Exercise details: Give back the entire listing below, unaltered.

Exercise data:
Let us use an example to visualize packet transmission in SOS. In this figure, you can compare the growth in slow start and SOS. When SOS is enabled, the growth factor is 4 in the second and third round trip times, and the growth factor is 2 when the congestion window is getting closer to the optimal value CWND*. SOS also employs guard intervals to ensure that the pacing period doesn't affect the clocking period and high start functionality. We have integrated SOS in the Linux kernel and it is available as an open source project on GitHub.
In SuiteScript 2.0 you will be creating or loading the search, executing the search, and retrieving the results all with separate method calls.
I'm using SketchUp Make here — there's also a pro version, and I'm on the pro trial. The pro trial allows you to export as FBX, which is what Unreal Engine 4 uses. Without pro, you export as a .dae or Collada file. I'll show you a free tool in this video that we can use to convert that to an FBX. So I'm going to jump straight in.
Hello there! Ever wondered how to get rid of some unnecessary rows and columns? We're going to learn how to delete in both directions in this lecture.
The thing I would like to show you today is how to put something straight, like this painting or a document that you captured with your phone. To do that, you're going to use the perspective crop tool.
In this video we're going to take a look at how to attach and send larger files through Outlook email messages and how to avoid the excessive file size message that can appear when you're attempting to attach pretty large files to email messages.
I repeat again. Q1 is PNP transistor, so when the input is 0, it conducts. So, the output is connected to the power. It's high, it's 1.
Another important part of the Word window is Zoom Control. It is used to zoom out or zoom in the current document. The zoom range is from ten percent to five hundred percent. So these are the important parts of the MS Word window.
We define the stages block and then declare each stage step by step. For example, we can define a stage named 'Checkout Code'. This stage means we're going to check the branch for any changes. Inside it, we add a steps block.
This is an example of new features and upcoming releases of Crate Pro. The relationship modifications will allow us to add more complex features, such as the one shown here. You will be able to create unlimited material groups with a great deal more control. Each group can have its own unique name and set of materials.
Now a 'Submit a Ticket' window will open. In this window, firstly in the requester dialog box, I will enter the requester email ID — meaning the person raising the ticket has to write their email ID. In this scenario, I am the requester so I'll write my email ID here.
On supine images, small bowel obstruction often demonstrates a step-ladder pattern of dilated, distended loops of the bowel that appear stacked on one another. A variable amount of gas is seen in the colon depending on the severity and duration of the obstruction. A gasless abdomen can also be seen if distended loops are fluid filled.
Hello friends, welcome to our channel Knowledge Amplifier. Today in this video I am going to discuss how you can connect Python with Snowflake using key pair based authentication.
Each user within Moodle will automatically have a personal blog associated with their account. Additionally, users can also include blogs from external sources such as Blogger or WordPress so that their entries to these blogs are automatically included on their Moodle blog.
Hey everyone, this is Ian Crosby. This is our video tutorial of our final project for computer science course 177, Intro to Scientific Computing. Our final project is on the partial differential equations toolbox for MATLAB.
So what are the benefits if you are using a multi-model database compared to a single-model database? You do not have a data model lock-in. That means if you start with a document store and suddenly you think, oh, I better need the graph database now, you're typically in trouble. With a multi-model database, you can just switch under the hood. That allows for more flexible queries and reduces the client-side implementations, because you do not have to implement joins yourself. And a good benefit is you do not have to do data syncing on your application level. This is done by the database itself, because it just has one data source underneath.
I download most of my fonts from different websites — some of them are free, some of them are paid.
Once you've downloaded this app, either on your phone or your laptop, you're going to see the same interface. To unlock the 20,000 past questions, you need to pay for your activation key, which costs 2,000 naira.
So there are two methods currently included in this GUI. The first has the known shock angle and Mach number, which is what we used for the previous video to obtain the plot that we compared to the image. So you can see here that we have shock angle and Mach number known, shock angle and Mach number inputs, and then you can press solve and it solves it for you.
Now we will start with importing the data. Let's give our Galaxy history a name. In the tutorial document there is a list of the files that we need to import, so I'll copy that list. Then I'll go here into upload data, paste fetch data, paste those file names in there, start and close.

Task result:
Let us use an example to visualize packet transmission in SOS. In this figure, you can compare the growth in slow start and SOS. When SOS is enabled, the growth factor is 4 in the second and third round trip times, and the growth factor is 2 when the congestion window is getting closer to the optimal value CWND*. SOS also employs guard intervals to ensure that the pacing period doesn't affect the clocking period and high start functionality. We have integrated SOS in the Linux kernel and it is available as an open source project on GitHub.
In SuiteScript 2.0 you will be creating or loading the search, executing the search, and retrieving the results all with separate method calls.
I'm using SketchUp Make here — there's also a pro version, and I'm on the pro trial. The pro trial allows you to export as FBX, which is what Unreal Engine 4 uses. Without pro, you export as a .dae or Collada file. I'll show you a free tool in this video that we can use to convert that to an FBX. So I'm going to jump straight in.
Hello there! Ever wondered how to get rid of some unnecessary rows and columns? We're going to learn how to delete in both directions in this lecture.
The thing I would like to show you today is how to put something straight, like this painting or a document that you captured with your phone. To do that, you're going to use the perspective crop tool.
In this video we're going to take a look at how to attach and send larger files through Outlook email messages and how to avoid the excessive file size message that can appear when you're attempting to attach pretty large files to email messages.
I repeat again. Q1 is PNP transistor, so when the input is 0, it conducts. So, the output is connected to the power. It's high, it's 1.
Another important part of the Word window is Zoom Control. It is used to zoom out or zoom in the current document. The zoom range is from ten percent to five hundred percent. So these are the important parts of the MS Word window.
We define the stages block and then declare each stage step by step. For example, we can define a stage named 'Checkout Code'. This stage means we're going to check the branch for any changes. Inside it, we add a steps block.
This is an example of new features and upcoming releases of Crate Pro. The relationship modifications will allow us to add more complex features, such as the one shown here. You will be able to create unlimited material groups with a great deal more control. Each group can have its own unique name and set of materials.
Now a 'Submit a Ticket' window will open. In this window, firstly in the requester dialog box, I will enter the requester email ID — meaning the person raising the ticket has to write their email ID. In this scenario, I am the requester so I'll write my email ID here.
On supine images, small bowel obstruction often demonstrates a step-ladder pattern of dilated, distended loops of the bowel that appear stacked on one another. A variable amount of gas is seen in the colon depending on the severity and duration of the obstruction. A gasless abdomen can also be seen if distended loops are fluid filled.
Hello friends, welcome to our channel Knowledge Amplifier. Today in this video I am going to discuss how you can connect Python with Snowflake using key pair based authentication.
Each user within Moodle will automatically have a personal blog associated with their account. Additionally, users can also include blogs from external sources such as Blogger or WordPress so that their entries to these blogs are automatically included on their Moodle blog.
Hey everyone, this is Ian Crosby. This is our video tutorial of our final project for computer science course 177, Intro to Scientific Computing. Our final project is on the partial differential equations toolbox for MATLAB.
So what are the benefits if you are using a multi-model database compared to a single-model database? You do not have a data model lock-in. That means if you start with a document store and suddenly you think, oh, I better need the graph database now, you're typically in trouble. With a multi-model database, you can just switch under the hood. That allows for more flexible queries and reduces the client-side implementations, because you do not have to implement joins yourself. And a good benefit is you do not have to do data syncing on your application level. This is done by the database itself, because it just has one data source underneath.
I download most of my fonts from different websites — some of them are free, some of them are paid.
Once you've downloaded this app, either on your phone or your laptop, you're going to see the same interface. To unlock the 20,000 past questions, you need to pay for your activation key, which costs 2,000 naira.
So there are two methods currently included in this GUI. The first has the known shock angle and Mach number, which is what we used for the previous video to obtain the plot that we compared to the image. So you can see here that we have shock angle and Mach number known, shock angle and Mach number inputs, and then you can press solve and it solves it for you.
Now we will start with importing the data. Let's give our Galaxy history a name. In the tutorial document there is a list of the files that we need to import, so I'll copy that list. Then I'll go here into upload data, paste fetch data, paste those file names in there, start and close.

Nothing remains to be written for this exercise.